His wife, Laura, doesn’t mind one bit. After all, the family business is the manufacture, sales and distribution of more than 20 million plastic bags annually for the removal of doggie poop.
A few years after Crosson unleashed the full potential of his company in 1990, the Corona del Mar High School grad rightfully claimed that his company, Doggie Walk Bags, is “Number One in Number Two,” or the international leader in this fecal field, according to PetCo.
Not only are Doggie Walk Bags available in such countries as England, Korea, Japan and Dubai, but also on multiple light posts adjacent to the beaches of Balboa Island. In fact, they’re found just about everywhere in the civilized world, where pedestrians demand obstacle-free passage.
Thousands of dog walkers automatically pull the sky-blue bags from specially designed dispensers that are strategically and conveniently placed around Balboa Island.
The Balboa Island Improvement Association sells display ads on the dispensers, which covers the cost of purchasing the estimated annual requirement of Doggie Walk Bags.

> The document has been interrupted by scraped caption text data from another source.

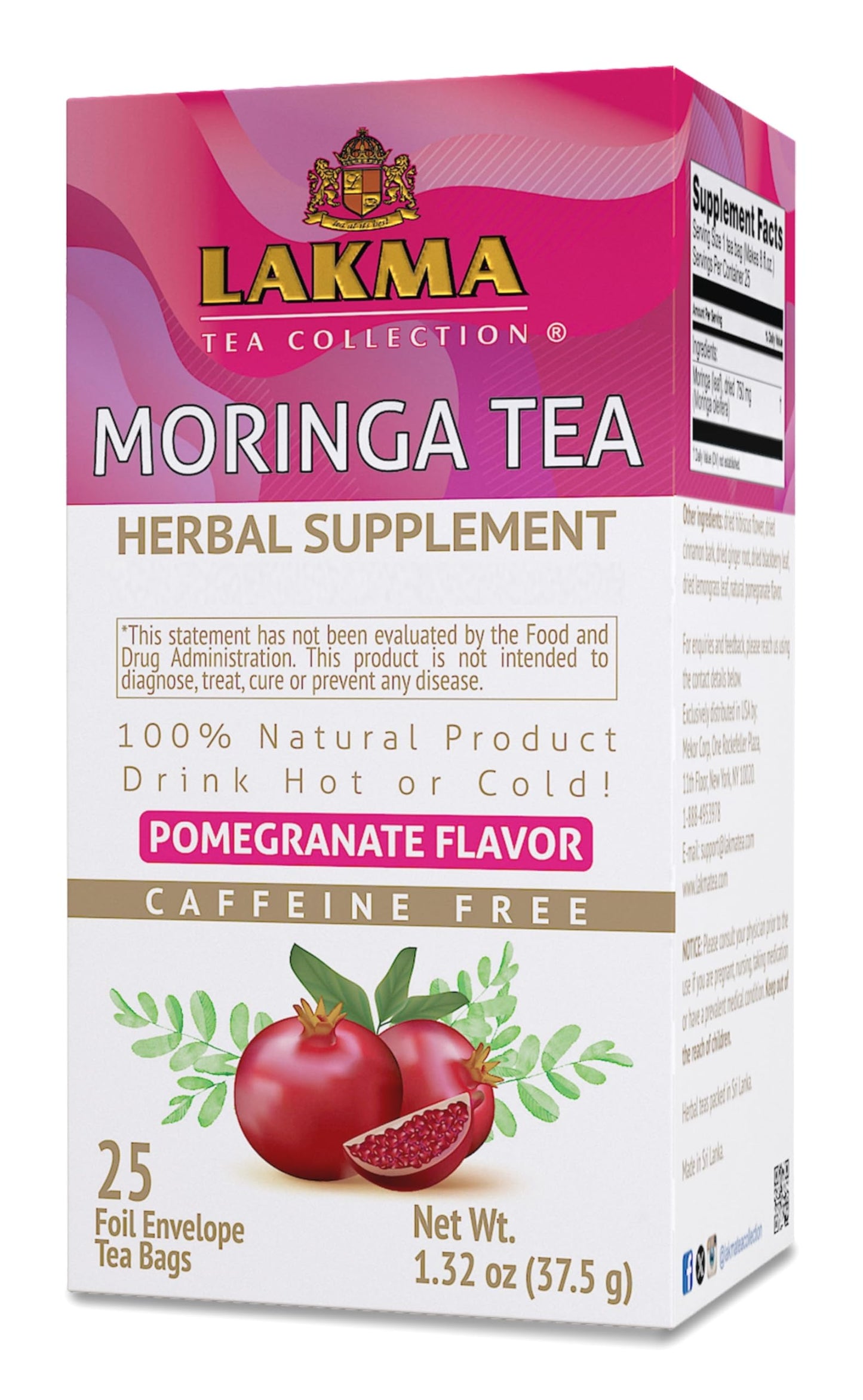 HYLEYS Moringa Oleifera Tea with Pomegranate, 25 Tea Bags per Pack, 6 Packs - Total 150 Tea Bags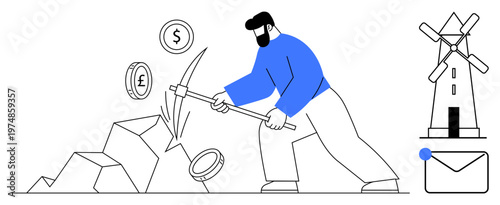 Cryptocurrency, blockchain, financial technologies, economic growth, resource extraction, data processing. Man mining coins with rocks. Cryptocurrency and blockchain concept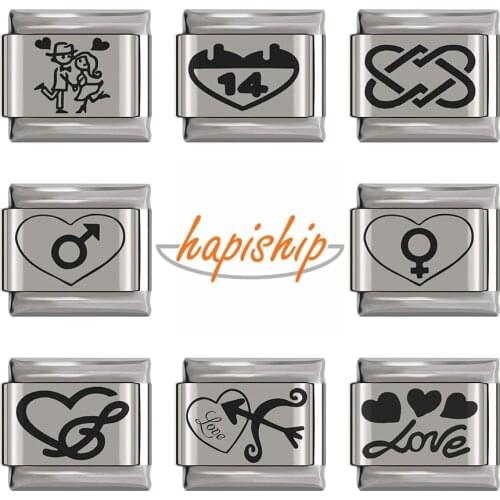 Hapiship 2020 New Original Daisy Infinite Love Boy Girl Couples Charm Fit 9mm Bracelet Stainless Steel Jewelry DIY Making DJ278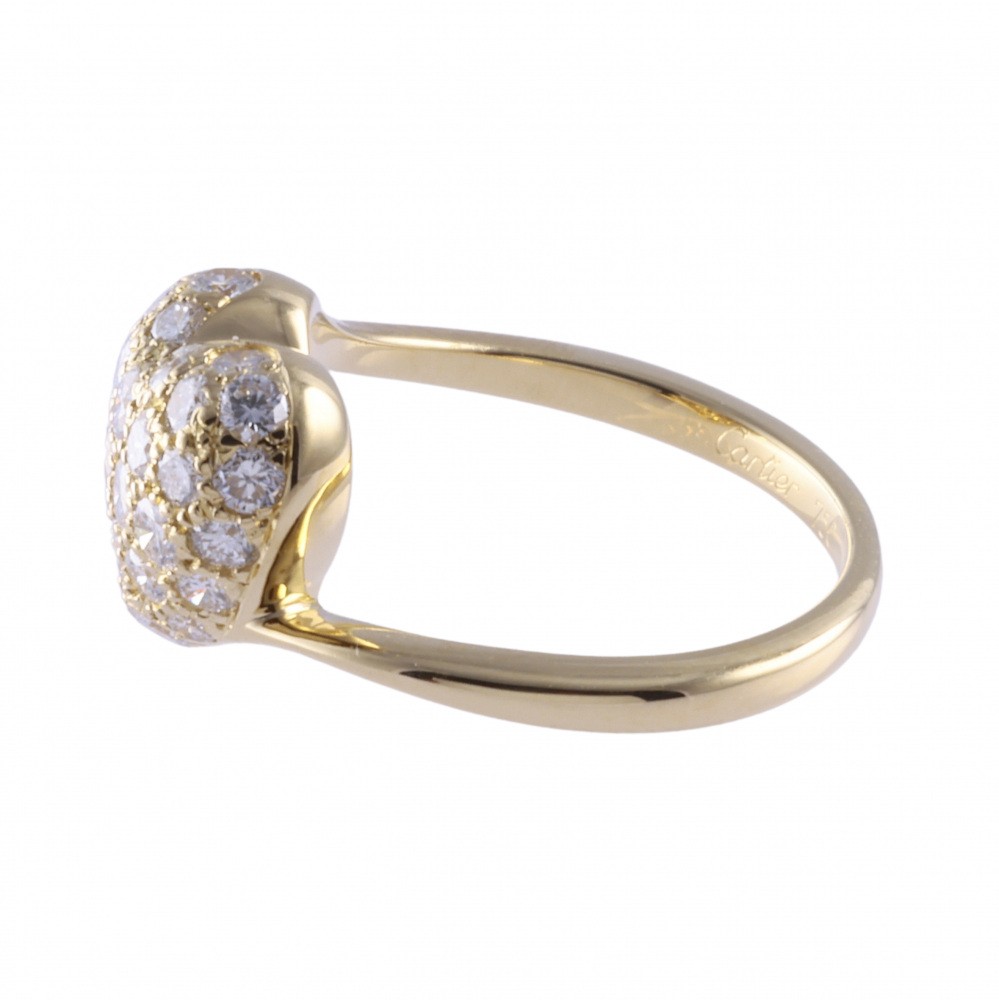 Cartier Pave D Heart Ring K18YG Yellow Gold Diamond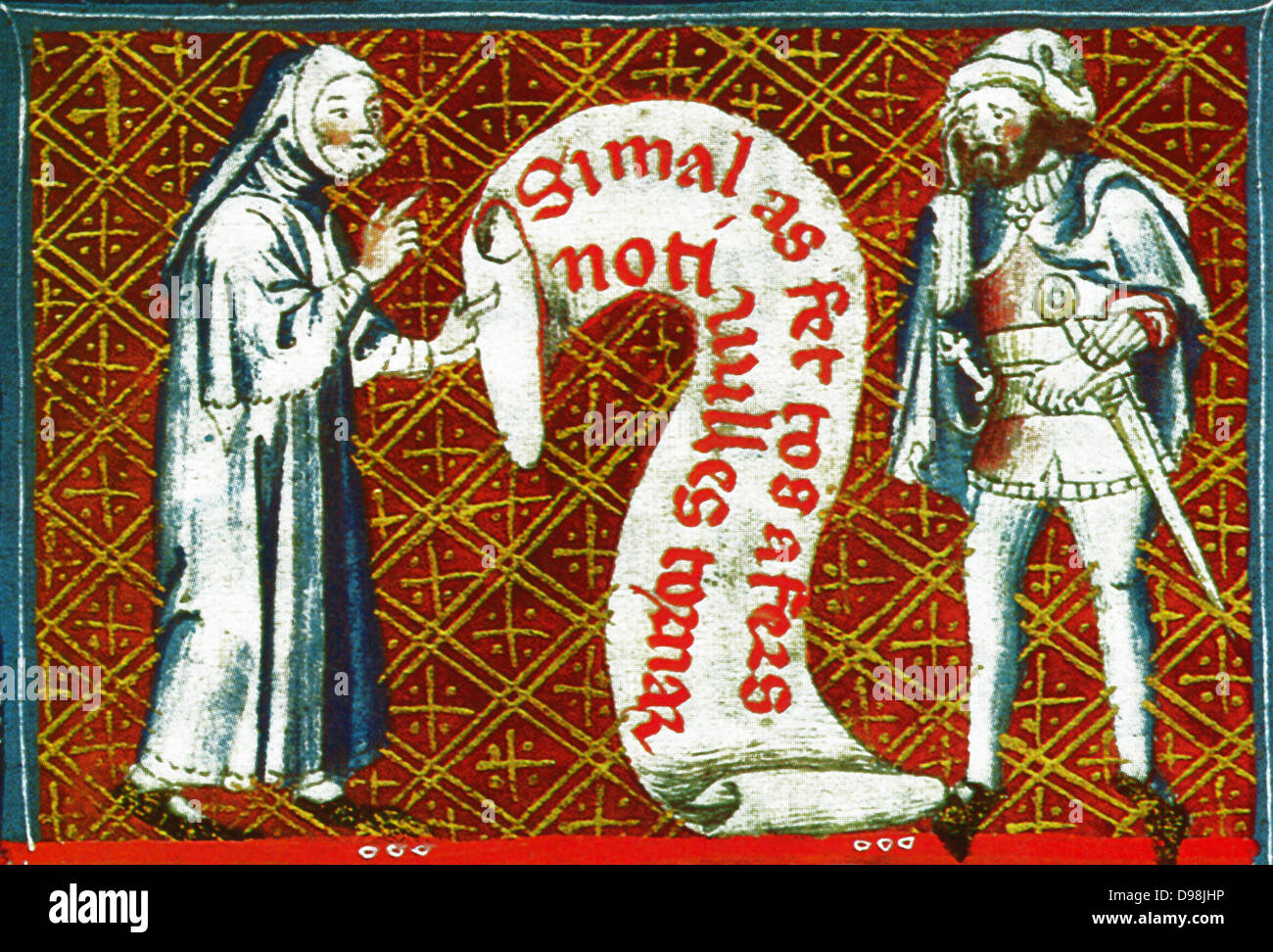 Scena dal XIV secolo, manoscritto illustrato i breviari d'amor. Essa illustra i sette atti di misericordia. Qui è mostrato ammonire un peccatore. Foto Stock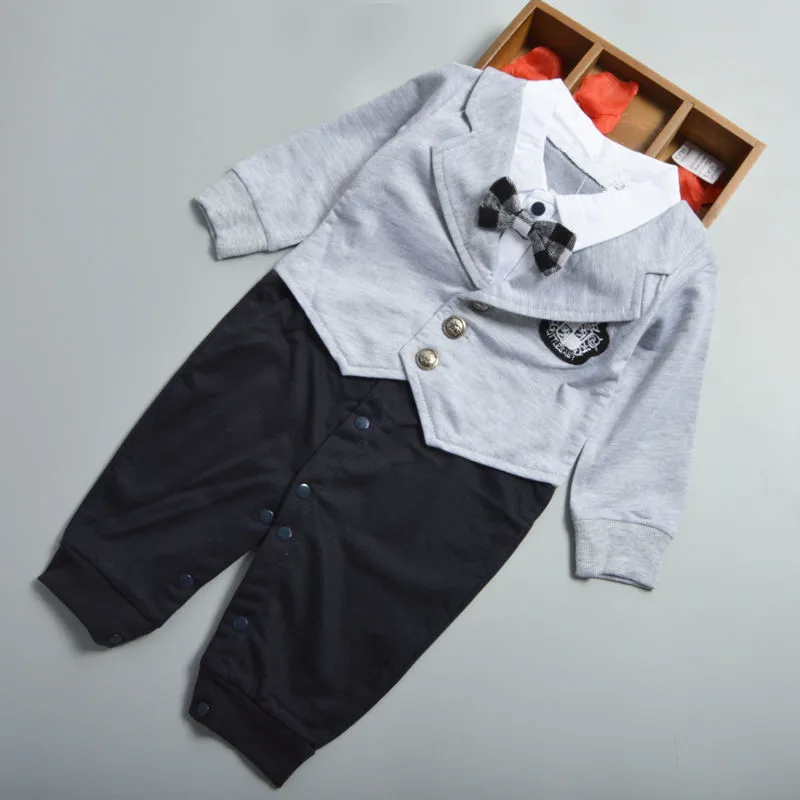 

Baby Boys Clothes Spring Autumn Cotton Gentleman Tie Romper Infant Jumpsuit 2017 New Arrival Long Sleeve Climbing Clothing 0-2Y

If shoes or sandals could write, they’d pair off to send e-mails of gratitude to Crosson.
All bags are manufactured in Crosson-owned plants in Southern California. He used to order from China, but decided that his product should be 100 percent USA-made using the highest quality materials—a good thing considering intended use.
When asked once by a customer if the bags could contain anything larger than the throughput of a Chihuahua, Crosson unfolded a blue bag and slipped it easily over his head with room to spare, demonstrating that even “Great Danes pose no challenge” to the integrity and capacity of his product.
“Even horse stables order from us,” he admitted, as do more than 6,000 clients from around the world, many operating multi-store chains.
If pictures say a thousand words, the artwork on Crosson’s business cards screams “Don’t tread on me.”
The odiferous graphic needs no explanation, but the now well-known cards have been the butt of pet industry humor around the world.
“There’s no doubt when people see our card, they think of us,” Crosson said.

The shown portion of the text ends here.